Togliere la riduzione del 50% dell’Ires a chi fa del bene è inaccettabile. La manovra in via di approvazione prevede così il raddoppio secco di tasse al terzo settore, cioè a chi s’impegna nell’alleviare le sofferenze degli ultimi. Non solo, ma i migranti che con il loro lavoro vogliono aiutare le famiglie rimaste “a casa loro”, si vedranno applicare una tassa sulle rimesse.
Perché questo accanimento verso chi ha già poco?
Perché la stretta sulle associazioni e fondazioni che si occupano di queste persone?
La risposta sta nella “teoria della pacchia” . Chi non si sostiene con il proprio lavoro è un parassita, che potrebbe fare, ma preferisce oziare.
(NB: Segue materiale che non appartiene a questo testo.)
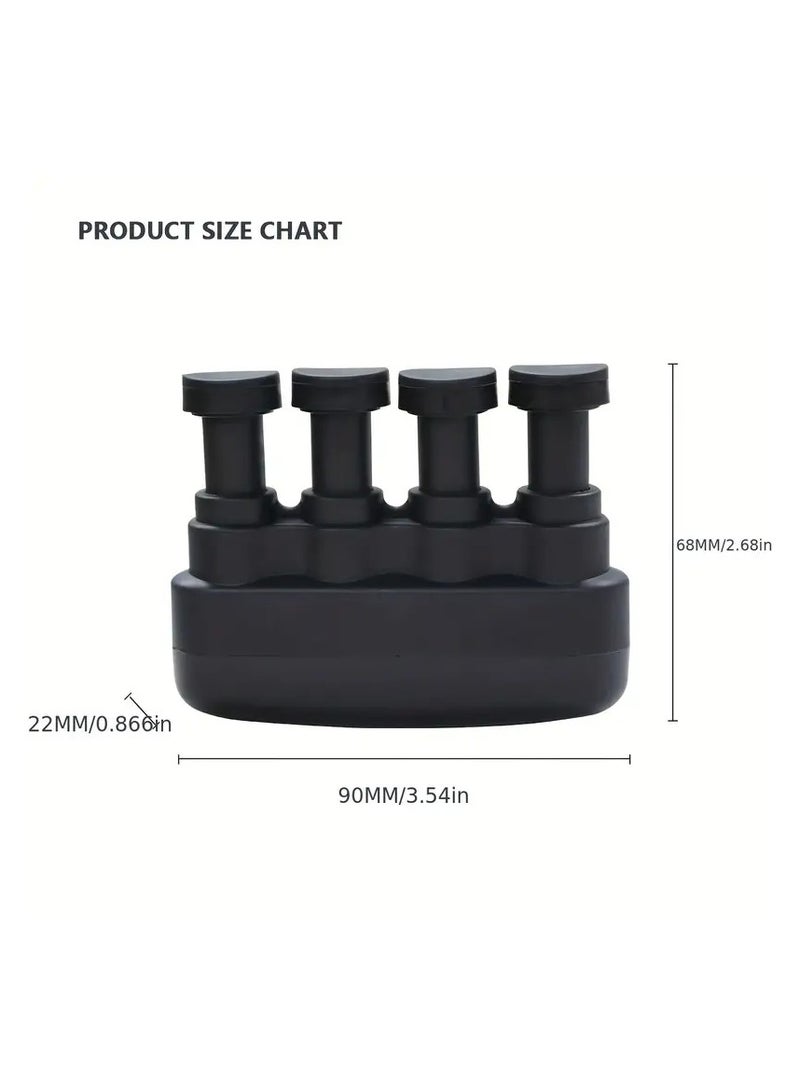 Vision X Finger training device, Finger Strengthener For Musicians, Music Learners, Athletes, And Those Who Suffer From Weak Fingers, 4 Finger Pressure, 6.8 * 9 cm,Multiple colors - Image 3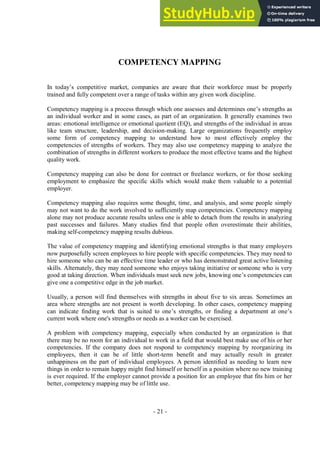 Competency Mapping Problem Statement Example 1 - A Project Report On Competency Mapping And Knowledge Management ...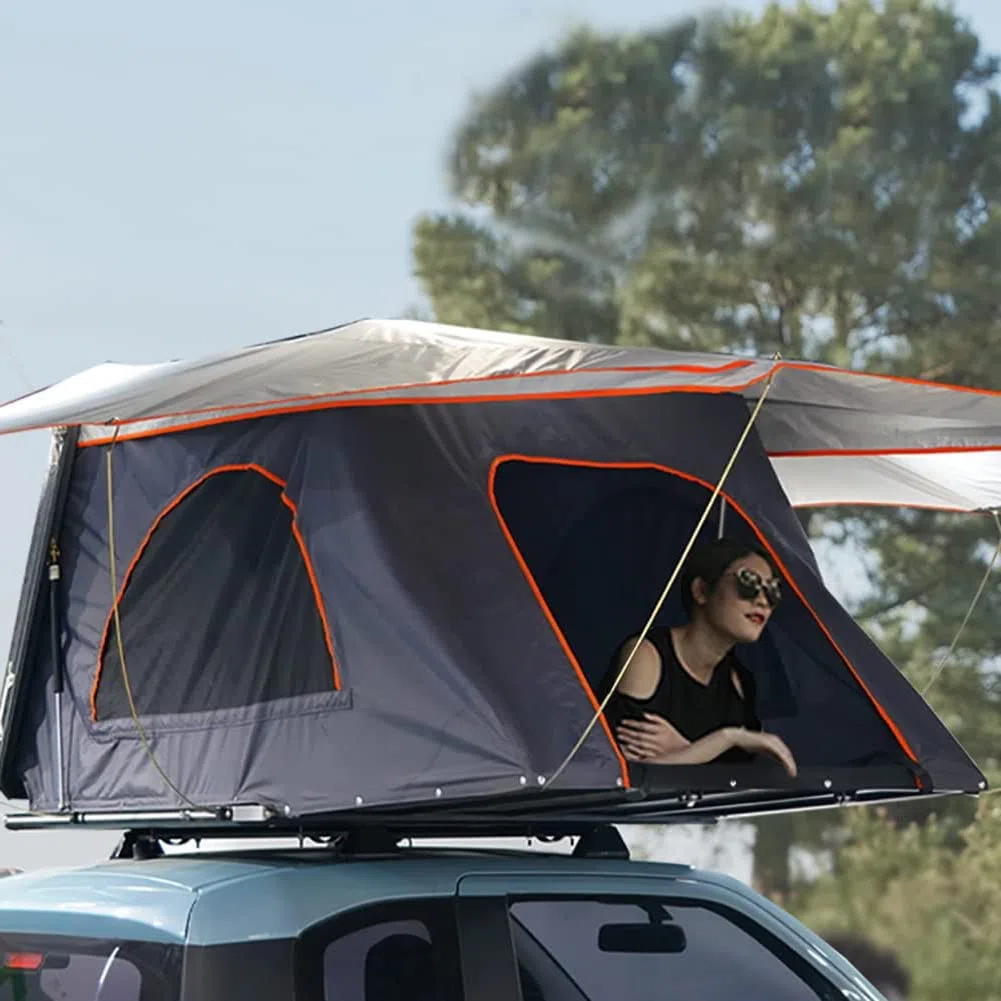 Autodachzelt Für Camping, Hartschalen-popup-dachzelt Mit Teleskopleiter, 4-Jahreszeiten-wasserdichtes Dachzelt Für SUV, Truck, Van, Outdoor-autozelt Für 2 Personen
Così la povertà diventa un vizio da estirpare, una colpa che va punita, una “pacchia che deve finire”. Il disprezzo di censo del benestante verso il povero è il nerbo del “pacchismo” di destra, dove la carità è facoltativa, compassionevole, occasionale. Guai ad attenuare la sofferenza con servizi stabili e pubblici, perché là siamo già nella palude del “buonismo”. Se proprio vogliono soldi per aiutare gli ultimi – pensano i pacchisti – li chiedano in tv con le campagne dei bambini secchi che piangono.
E’ questa la società che non mi piace. E’ per cambiarla, che dobbiamo impegnarci ancora di più.